▶ PROBLEM TO WORK ON: Taking the line with "R36S Retro Handheld in der Hand" as the first, copy every line through the end of the records below exactly. Do not include pictures.

-=-=-=-=-

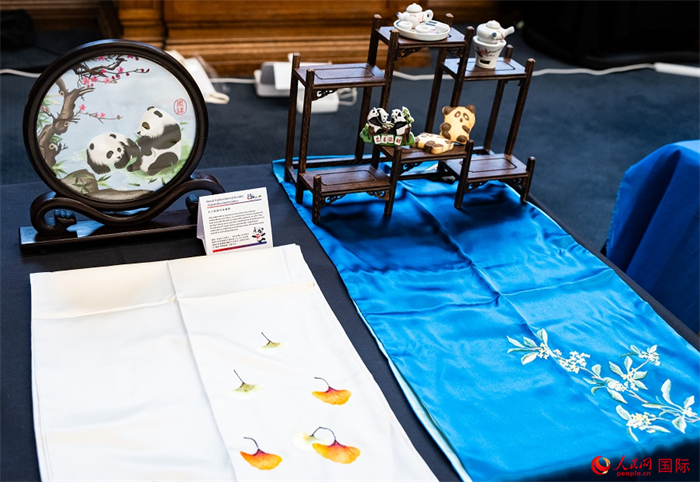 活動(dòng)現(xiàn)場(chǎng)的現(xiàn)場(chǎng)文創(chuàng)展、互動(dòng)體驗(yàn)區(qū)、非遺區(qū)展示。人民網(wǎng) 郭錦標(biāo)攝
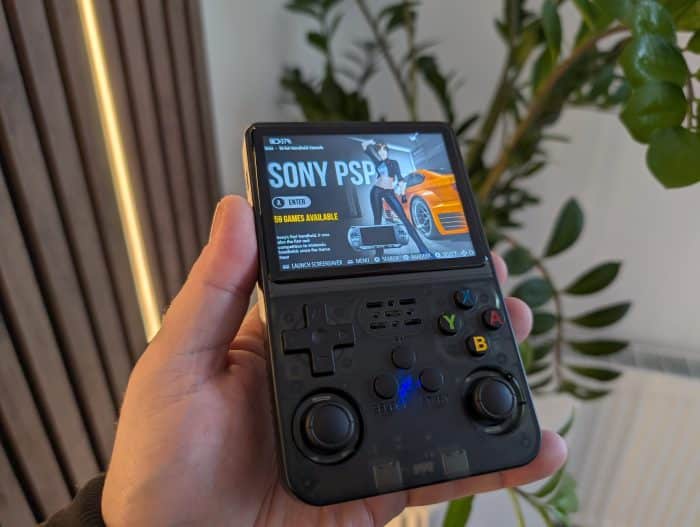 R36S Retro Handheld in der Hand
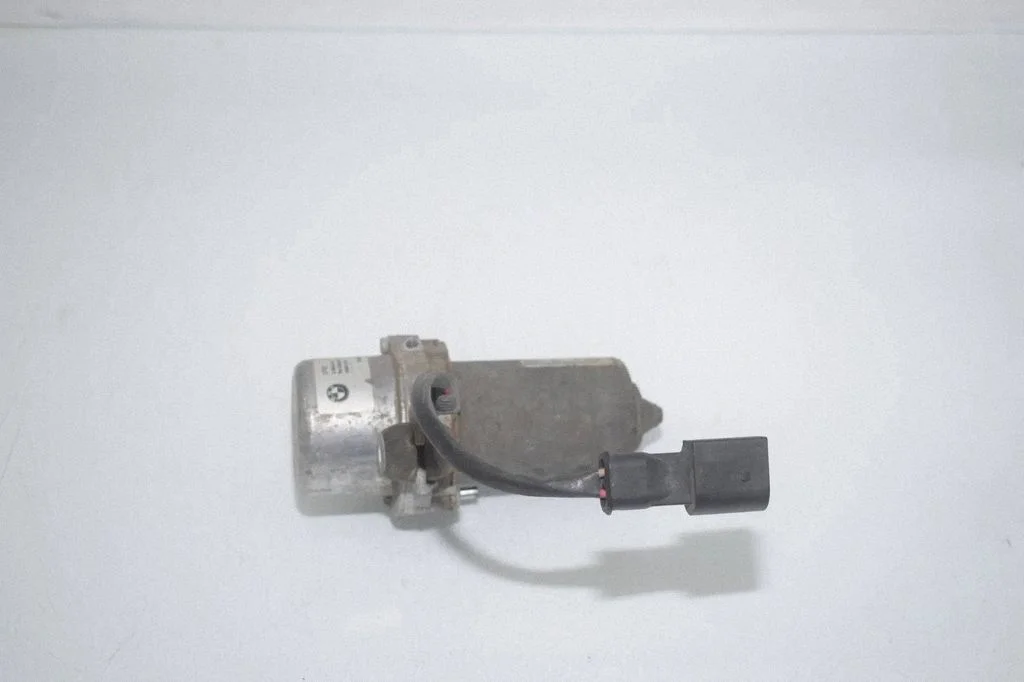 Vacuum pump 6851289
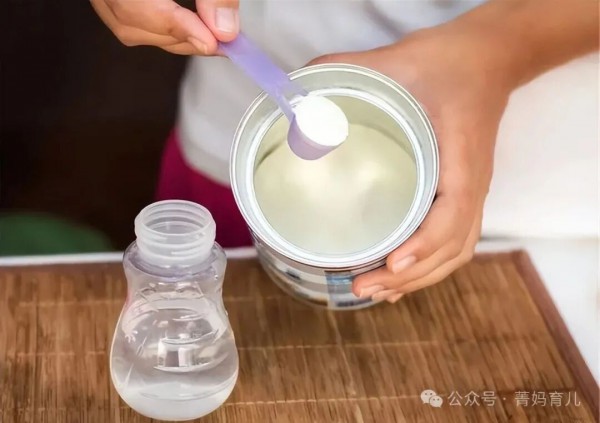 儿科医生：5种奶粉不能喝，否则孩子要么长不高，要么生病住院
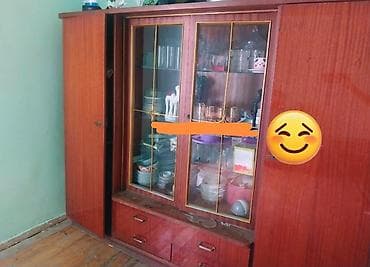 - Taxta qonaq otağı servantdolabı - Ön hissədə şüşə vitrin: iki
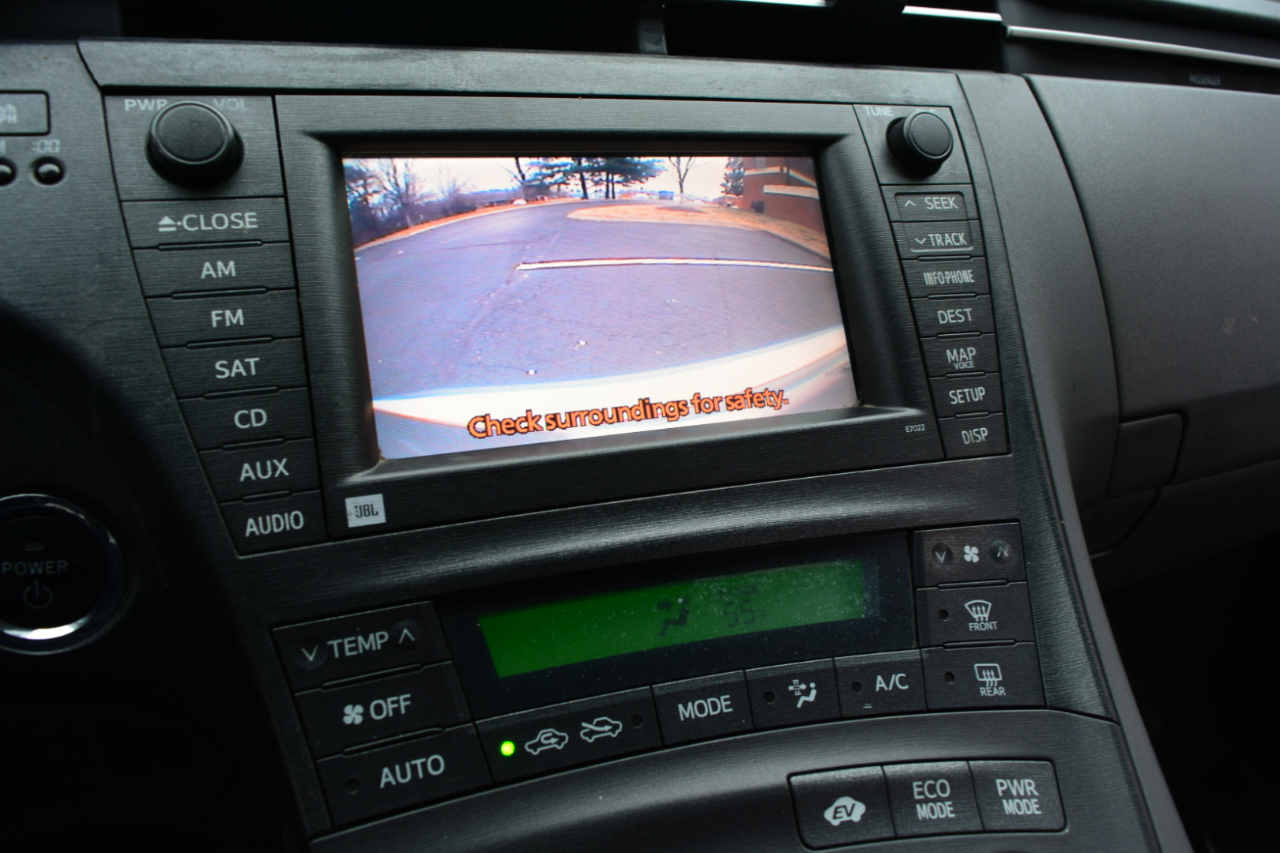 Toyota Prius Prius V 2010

-=-=-=-=-

▶ YOUR RESPONSE:
 R36S Retro Handheld in der Hand
 Vacuum pump 6851289
 儿科医生：5种奶粉不能喝，否则孩子要么长不高，要么生病住院
 - Taxta qonaq otağı servantdolabı - Ön hissədə şüşə vitrin: iki
 Toyota Prius Prius V 2010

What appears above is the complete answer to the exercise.